Hermiergis millewae has a snout–vent length of 41–58 mm.

== Taxonomy ==
The Millewa skink (Hemiergis millewae) was first identified and described in 1976 by A.J. Coventry. It is one of seven species of earless skinks in the genus Hemiergis, all of which are endemic to Australia. Hemiergis millewae belongs to the family Scincidae which is one of the most diverse families of lizards characterized by their small limbs.

== Ecology and habitat ==
Hemiergis millewae is a thigmothermic skink, drawing heat from warm surfaces in its environment in order to regulate its body temperature.
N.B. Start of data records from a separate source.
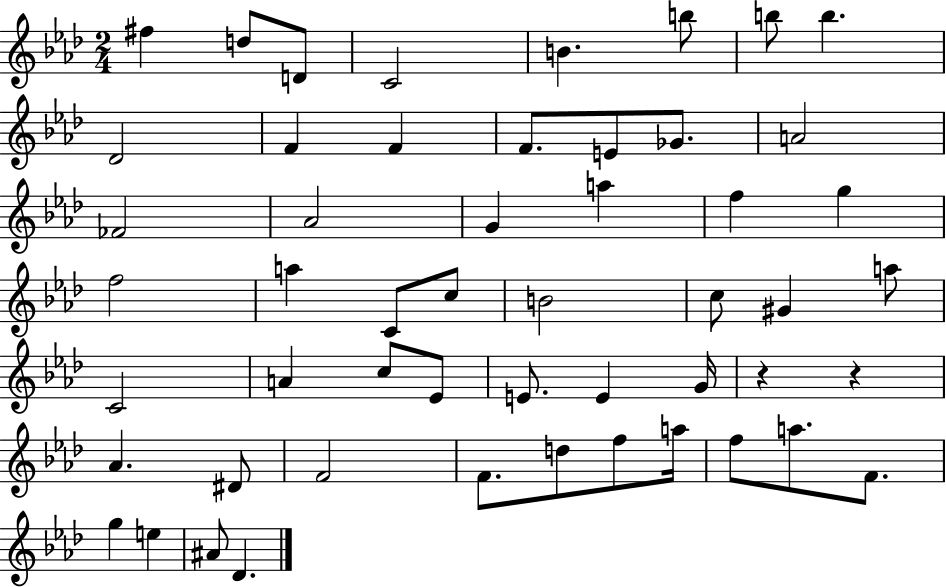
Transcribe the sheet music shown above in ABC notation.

X:1
T:Untitled
M:2/4
L:1/4
K:Ab
^f d/2 D/2 C2 B b/2 b/2 b _D2 F F F/2 E/2 _G/2 A2 _F2 _A2 G a f g f2 a C/2 c/2 B2 c/2 ^G a/2 C2 A c/2 _E/2 E/2 E G/4 z z _A ^D/2 F2 F/2 d/2 f/2 a/4 f/2 a/2 F/2 g e ^A/2 _D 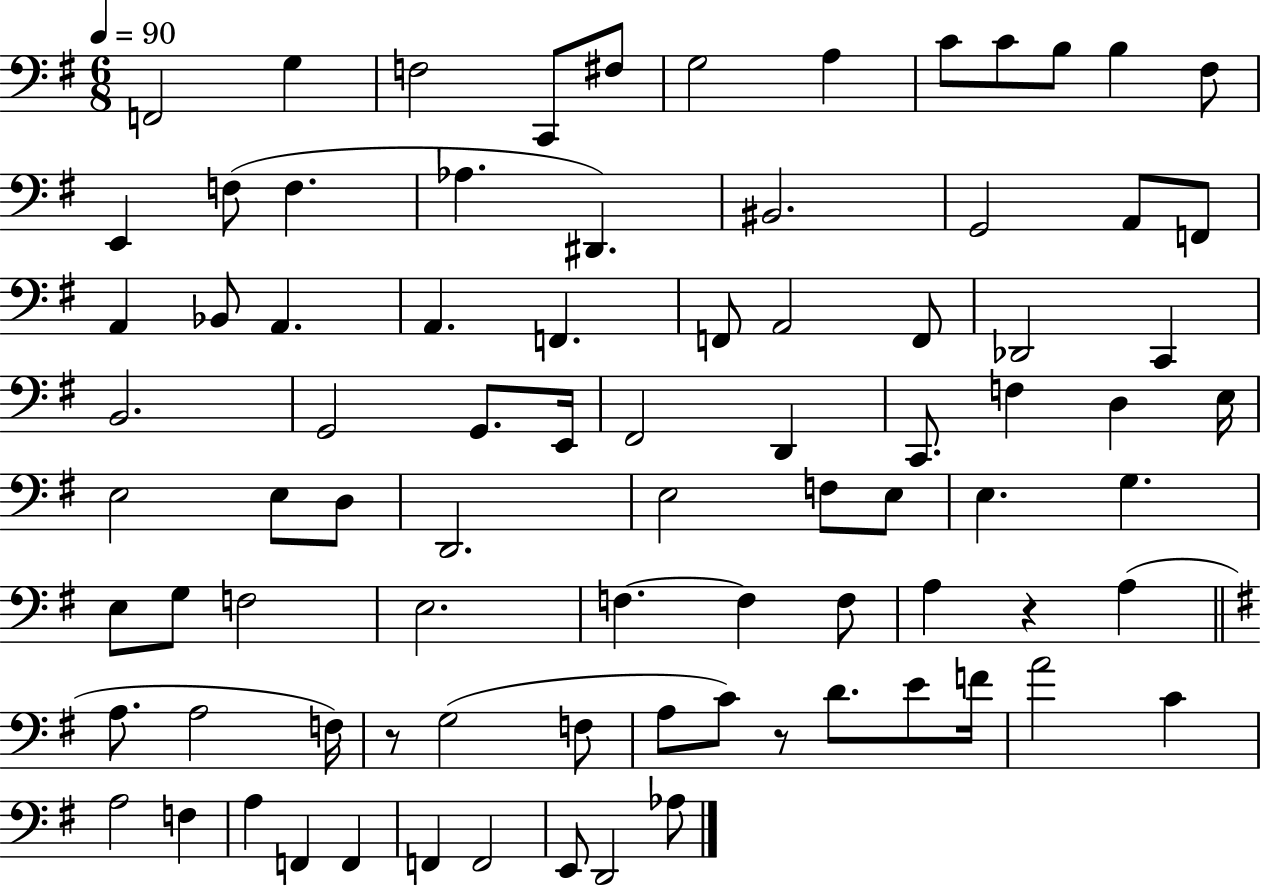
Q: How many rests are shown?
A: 3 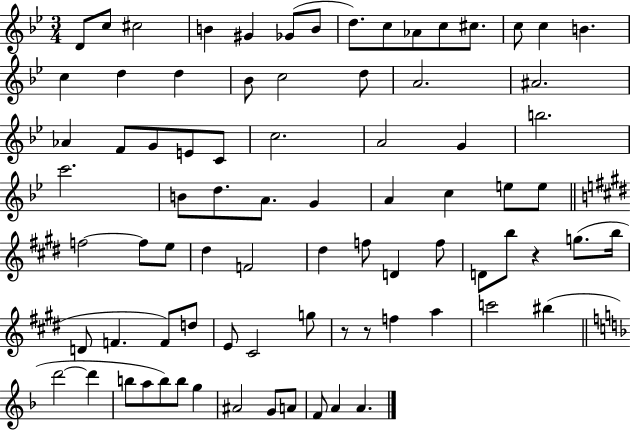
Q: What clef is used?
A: treble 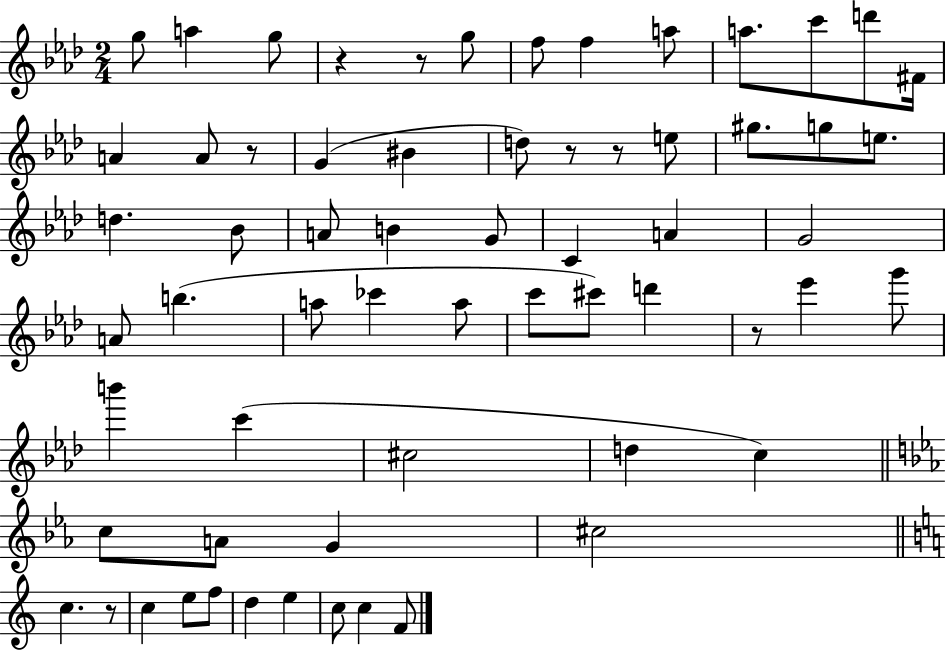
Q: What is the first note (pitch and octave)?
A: G5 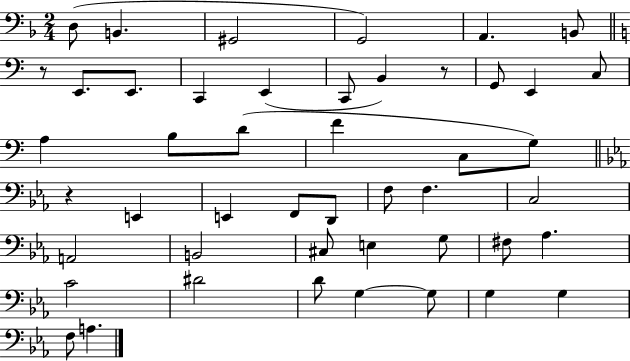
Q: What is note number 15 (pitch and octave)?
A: C3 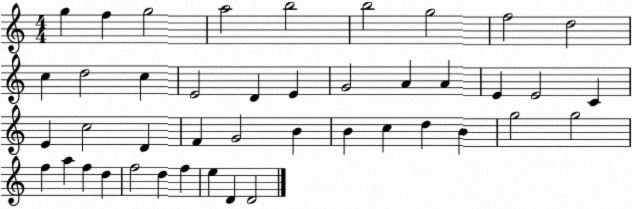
X:1
T:Untitled
M:4/4
L:1/4
K:C
g f g2 a2 b2 b2 g2 f2 d2 c d2 c E2 D E G2 A A E E2 C E c2 D F G2 B B c d B g2 g2 f a f d f2 d f e D D2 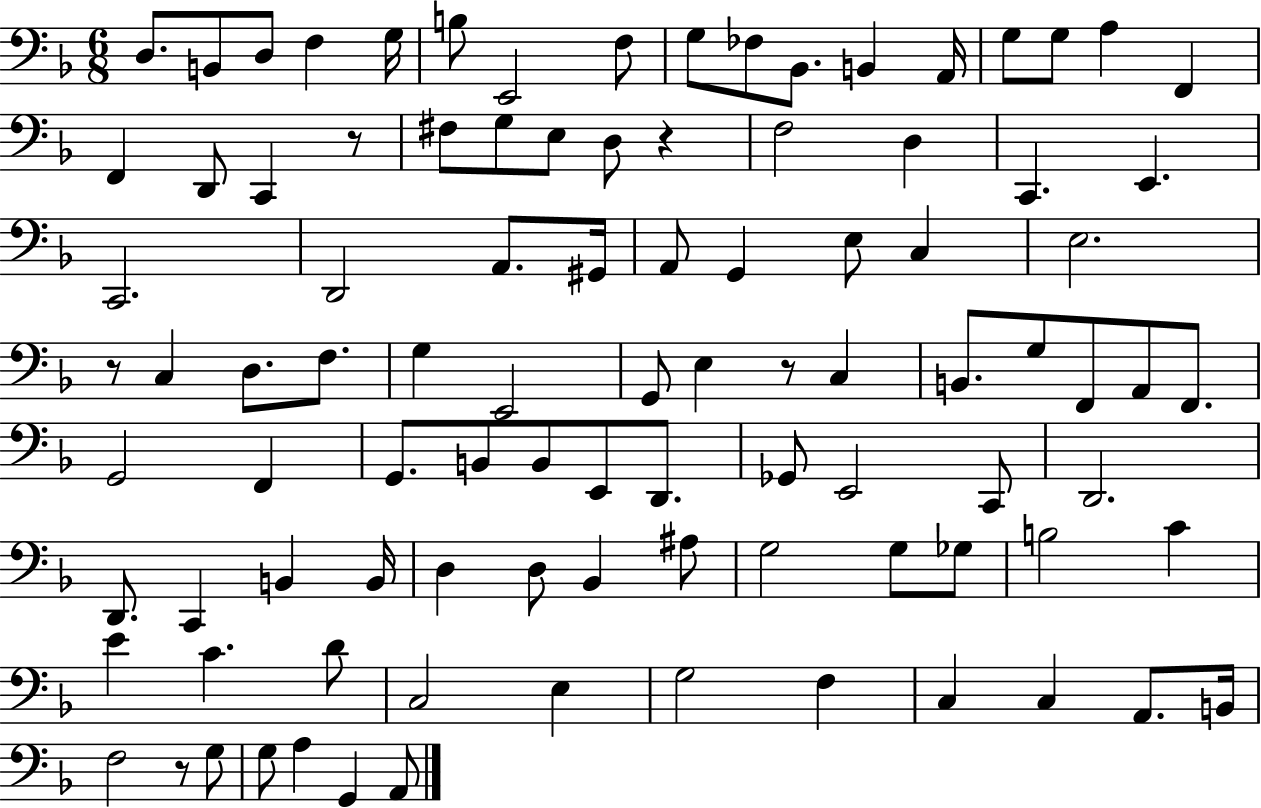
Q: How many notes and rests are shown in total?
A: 96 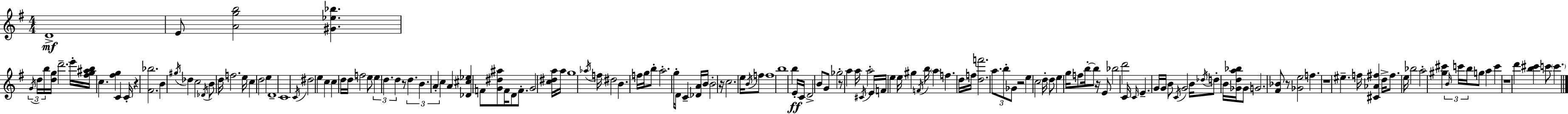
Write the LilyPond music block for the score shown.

{
  \clef treble
  \numericTimeSignature
  \time 4/4
  \key e \minor
  d'1->\mf | e'8 <a' g'' b''>2 <gis' ees'' bes''>4. | \tuplet 3/2 { \acciaccatura { g'16 } d''16 b''16 } <d'' g''>16 d'''2.-- | e'''16-. <fis'' g'' ais'' b''>16 c''4. <fis'' g''>4 c'4 | \break c'16-. r4 <fis' bes''>2. | b'4 \acciaccatura { gis''16 } des''4 c''2 | \acciaccatura { des'16 } b'8 d''16 f''2. | e''16 c''4 d''2 e''4 | \break d'1-- | c'1 | \acciaccatura { c'16 } dis''2 e''4 | c''4 c''4 d''16 d''16 f''2 | \break e''8 \tuplet 3/2 { e''4 d''4. d''4 } | r8 \tuplet 3/2 { d''4. b'4. | a'4-. } c''4 a'4 <des' cis'' ees''>4 | f'8 <g' dis'' ais''>8 f'16 d'8 f'8.-. g'2 | \break <c'' dis'' a''>16 a''16 g''1 | \acciaccatura { aes''16 } f''16 dis''2 b'4. | f''16 g''16 b''8-. a''2.-. | g''16-. d'8 c'4-- <des' a'>16 b'16 b'2-. | \break r16 c''2. | e''16 \acciaccatura { b'16 } f''8 f''1 | b''1 | b''4\ff e'16-. c'16 d'2-> | \break b'8 g'8 ges''2-. | r8 a''4 a''16 \acciaccatura { cis'16 } a''2-. | e'16 f'16 e''4 e''16 gis''4 \acciaccatura { f'16 } b''16 \parenthesize a''4 | f''4. d''16 f''16 <d'' f'''>2. | \break \tuplet 3/2 { a''8. b''8-. ges'8 } r2 | e''4 c''2 | d''16-. d''8 e''4 g''16 f''8 b''16-.~~ b''8 r16 e'8 | bes''2 d'''2 | \break c'16 \grace { c'16 } e'4.-- g'16 g'16 b'8 \acciaccatura { c'16 } g'2 | b'16 \acciaccatura { des''16 } d''8-. b'16 <ges' d'' a'' bes''>16 ges'8 g'2. | <fis' bes'>8 r8 <ges' e''>2 | f''4. r1 | \break eis''4.-- | f''16 <cis' aes' fis''>4 d''16-> fis''8. e''16 bes''2 | a''2-. <gis'' cis'''>4 \tuplet 3/2 { \grace { b'16 } | c'''16 b''16 } g''8 a''4 c'''4 r1 | \break d'''4 | <b'' cis'''>4 c'''8 \parenthesize c'''4. \bar "|."
} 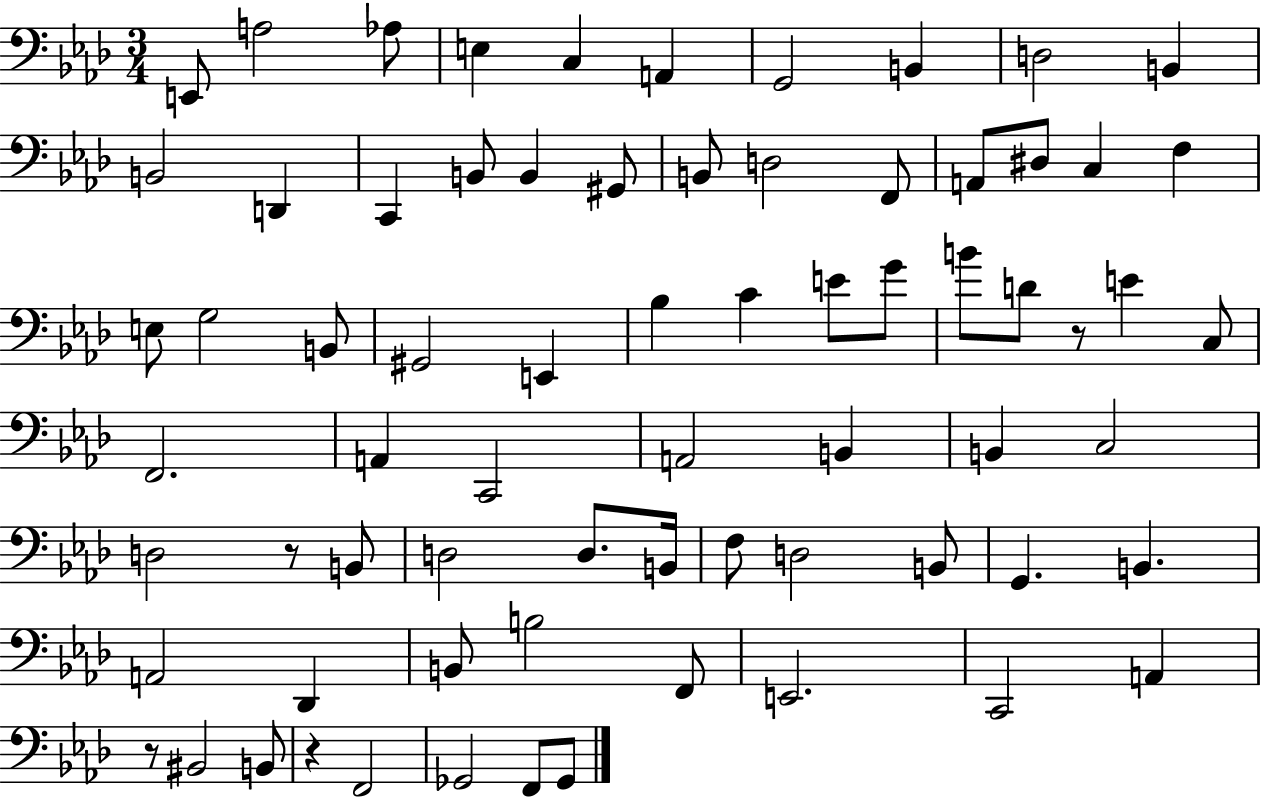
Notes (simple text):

E2/e A3/h Ab3/e E3/q C3/q A2/q G2/h B2/q D3/h B2/q B2/h D2/q C2/q B2/e B2/q G#2/e B2/e D3/h F2/e A2/e D#3/e C3/q F3/q E3/e G3/h B2/e G#2/h E2/q Bb3/q C4/q E4/e G4/e B4/e D4/e R/e E4/q C3/e F2/h. A2/q C2/h A2/h B2/q B2/q C3/h D3/h R/e B2/e D3/h D3/e. B2/s F3/e D3/h B2/e G2/q. B2/q. A2/h Db2/q B2/e B3/h F2/e E2/h. C2/h A2/q R/e BIS2/h B2/e R/q F2/h Gb2/h F2/e Gb2/e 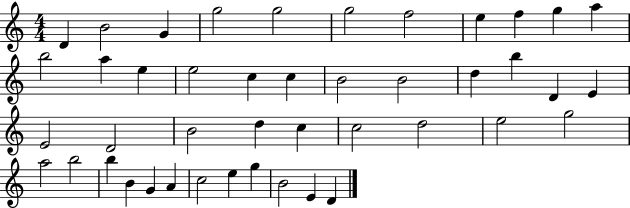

The Millewa skink is one of several specialist species limited to Mallee eucalypt woodlands in Australia. They have been exclusively observed in areas with large hummocks of Triodia scariosa (spinifex), hence their other common name Triodia earless skink. They are heavily reliant on large clumps of spinifex with surrounding leaf litter which offers a suitable micro-climate and adequate food and protection without which it would be unlikely to survive.

=== Diet ===
The Millewa skink is insectivorous. It depends on the spinifex it inhabits for food, preying primarily on invertebrates which also inhabit hummocks such as ants and termites.

=== Reproduction ===
Hermiergis millewae are ovoviviparous, meaning the mother produces eggs which develop inside her and births live young. Female skinks generally birth one to two live young during late summer.

== Distribution ==
The Millewa skink has a fragmented distribution throughout the semi-arid Mallee eucalypt woodlands of southern Australia. There are isolated populations in the Coolgardi bioregion of southern Western Australia, in south-central (Eyre Peninsula and Flinders Ranges) and south-eastern South Australia, and in Victoria where they are limited to the Murray Sunset National Park. Isolated populations have also recently been discovered in the Barrier Range bioregion in north-western New South Wales.

== Conservation ==
Hemiergis millewae is considered a species of 'Least Concern' by the IUCN Red List due to its wide distribution across southern Australia. However, it has been listed as endangered in Victoria owing to its limited distribution and reliance on Triodia scariosa making it susceptible to threats such as land clearing and bushfire. In New South Wales, Triodia scariosa is also listed as a 'Critically Endangered Ecological Community' as it only covers 400ha in the Barrier Range where isolated populations of Millewa skink were recently found.

== Threats ==
=== Land clearing ===
Approximately 53 per cent of native vegetation has been cleared in the Mallee region to support agriculture, forestry, mining and urban development leading to fragmentation and degradation of Mallee woodlands. In addition, introduced and invasive species such as cattle and feral pigs trample spinifex as well as lizard burrows. This presents a key threat to the Millewa which relies exclusively on Mallee spinifex.

=== Bushfires ===
Fires can be beneficial as they promote new spinifex growth, however changes to the frequency and intensity of fires (particularly in southern Australia) alters the nature and distribution of vegetation which lizards depends on for food, shelter and reproduction. The Millewa skink particularly susceptible as it is heavily reliant on large mature spinifex hummocks and leaf litter. Spinifex dwellers typically decline immediately following fires and are most prevalent in areas that experienced fire 19–50 years ago, evidenced by the fact that H. Millewae has not been found in any recently burned areas.